I would assign a very large and growing sphere to pecuniary valuation, but we cannot be too clear in affirming that even at its best and largest it can never be an adequate basis for general social organization. It is an institution, like another, having important functions but requiring, like all institutions, to be brought under rational control by the aid of a comprehensive sociology, ethics, and politics. It has no charter of autonomy, no right to exemption from social control.
Thus even if market values were the best possible of their kind, we could not commit the social system to their charge, and still less can we do so when the value institution, owing to rapid and one-sided growth, is in a somewhat confused and demoralized condition. Bearing with it not only the general inheritance of human imperfection but also the special sins of a narrow and somewhat inhuman commercialism, it by no means reflects life in that broad way in which a market, with all its limitations, might reflect it. The higher values remain for the most part untranslated, even though translatable, and the material and technical aspects of the process have acquired an undue ascendancy. In general this institution, like others that might be named, is in such a condition that its estimates are no trustworthy expression of the public mind.
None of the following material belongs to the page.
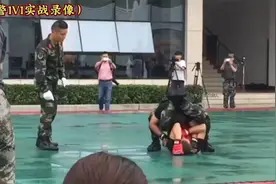 真正的武警实战能力到底有多厉害？简直都是肉身成圣恐怖如斯一般视频封面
Having in mind these general limitations upon the sphere of pecuniary value, let us consider it more particularly as a motive to stimulate and guide the work of the individual. For this purpose we may distinguish it broadly from the need of self-expression, using the latter comprehensively to include all other influences that urge one to productive work. Among these would be emulation and ambition, the need of activity for its own sake, the love of workmanship and creation, the impulse to assert one’s individuality, and the desire to serve the social whole. Such motives enter intimately into one’s self-consciousness and may, for our present purpose, be included under the need of self-expression.